And with that allocation in place, discarding and then rewriting zero
does NOT lose the allocation:

$ qemu-io -f qcow2 file3
qemu-io> discard 3m 2m
discard 2097152/2097152 bytes at offset 3145728
2 MiB, 1 ops; 0.0007 sec (2.622 GiB/sec and 1342.2819 ops/sec)
qemu-io> w -z 4m 1m
wrote 1048576/1048576 bytes at offset 4194304
1 MiB, 1 ops; 0.0103 sec (97.003 MiB/sec and 97.0026 ops/sec)
qemu-io> w -z 3m 1m
wrote 1048576/1048576 bytes at offset 3145728
1 MiB, 1 ops; 0.0095 sec (104.319 MiB/sec and 104.3188 ops/sec)
qemu-io> q

eblake@red (0) ~/qemu (nbd|REBASE-i 26/109)
$ qemu-io -f raw file3
qemu-io> r -v 4m 128
00400000:  80 00 00 00 00 60 00 00 80 00 00 00 00 50 00 00  .............P..
00400010:  80 00 00 00 00 70 00 00 80 00 00 00 00 80 00 01  .....p..........
00400020:  80 00 00 00 00 90 00 01 80 00 00 00 00 a0 00 00  ................
00400030:  80 00 00 00 00 b0 00 00 80 00 00 00 00 c0 00 00  ................
00400040:  80 00 00 00 00 d0 00 00 80 00 00 00 00 e0 00 00  ................
00400050:  00 00 00 00 00 00 00 00 00 00 00 00 00 00 00 00  ................
00400060:  00 00 00 00 00 00 00 00 00 00 00 00 00 00 00 00  ................
00400070:  00 00 00 00 00 00 00 00 00 00 00 00 00 00 00 00  ................
read 128/128 bytes at offset 4194304
128 bytes, 1 ops; 0.0001 sec (1.185 MiB/sec and 9708.7379 ops/sec)
qemu-io>

Clusters 3 and 4 are still mapped to host 8 and 9, as they were
originally.  But what happens when we try to write data there:

$ qemu-io -f qcow2 file3
qemu-io> w 4m 1m
wrote 1048576/1048576 bytes at offset 4194304
1 MiB, 1 ops; 0.0402 sec (24.830 MiB/sec and 24.8299 ops/sec)
qemu-io> q
$ qemu-img map -f qcow2 file3
Offset          Length          Mapped to       File
0               0x100000        0x600000        file3
0x100000        0x100000        0x500000        file3
0x200000        0x100000        0x700000        file3
0x400000        0x100000        0xf00000        file3
0x500000        0x400000        0xa00000        file3
0x9ff000        0x1000          0xeff000        file3

Ouch - that cluster write IGNORED the fact that we already had a
reservation at host 8, and instead changed the mapping so that guest 4
now maps to host f, making our refcount table larger, and fragmenting
things.  So much for pre-allocation saving the day :(

So, we need a bug-fix such that allocating a cluster that will be
replacing an allocated-but-zero cluster would reuse the existing
allocation, rather than create a new mapping.

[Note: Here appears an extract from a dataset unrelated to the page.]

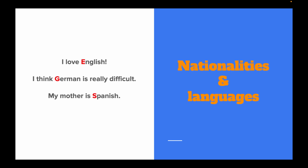Also with nationalities and languages. I love English. I think German is really difficult. My mother is Spanish.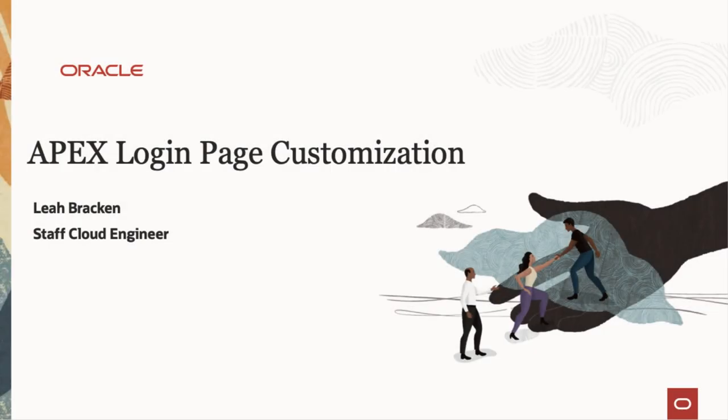Hello, my name is Leah Bracken and today I'm going to walk you through the customization of an Apex application's login page.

[Oh, and how will all of this interact with refcounts > 1, when internal
snapshots are in use?  Ugh - I don't know that we want to go there]

But if we can preserve mappings of clusters that are explicitly marked
zero, I started to wonder if it would also be reasonable to have a mode
where we could ALWAYS preserve mappings.  Adding another bit that says
that a cluster has a reserved mapping, but still defers to the backing
file for its current data, would let us extend the existing behavior of
map-preservation on write zeros to work with ALL writes, when writing to
a fully pre-allocated image.

Such a bit is incompatible (existing qemu would not know how to present
correct data to the guest when the bit is set), so if we want it, we
have to burn an incompatible feature bit.  The question is whether this
feature is independently useful enough to do it orthogonally from
subclusters, or whether we want to minimize the exponential explosion of
orthogonal bits by only allowing the feature when subclusters are also
enabled.  And in a way, subclusters already provide this feature: any
time you map a cluster to an address, but have ALL of its subclusters
marked as unallocated (read from backing file), you have preallocated a
mapping that you can later use when writing to that cluster, and that
preallocation is no longer tied to whether the guest uses write-zeros.

When I chatted with Max on IRC about the idea, we said this:


<mreitz> I mean, sure, we can add both, but I'd still want them two be
two incompatible bits
<eblake> if you want the features to be orthogonal (with exponentially
more cases to check), then having multiple incompatible bits is okay
<mreitz> Because FEATURE_BIT_UNALLOCATED_AND_SUBCLUSTERS sounds weird
and FEATURE_BIT_EXTENDED_L2_ENTRIES a bit pretentious
<mreitz> Well, orthogonal is a good question. If we want to have an
UNALLOCATED flag we should think so before adding subclusters
<mreitz> Because then we should at least make clear that the ZERO flag
for a subcluster requires the ALLOCATED flag to be set or something
<mreitz> So we can reserve ZERO/!ALLOCATED for the case where you want
to fall through to the backing file

So, if you got this far in reading, the question becomes whether having
a mode where you can mark a cluster as mapping-reserved-but-unallocated
has enough use case to be worth pursuing, knowing that it will burn an
incompatible feature bit; or if it should be rolled into the subcluster
proposal, or whether it's not a feature that anyone needs after all.

And meanwhile, it looks like I have some patches to propose (and
qemu-iotests to write) if I can help fix the bugs I've pointed out.

-- 
Eric Blake, Principal Software Engineer
Red Hat, Inc.           +1-919-301-3266
Virtualization:  qemu.org | libvirt.org


[-- Attachment #2: OpenPGP digital signature --]
[-- Type: application/pgp-signature, Size: 604 bytes --]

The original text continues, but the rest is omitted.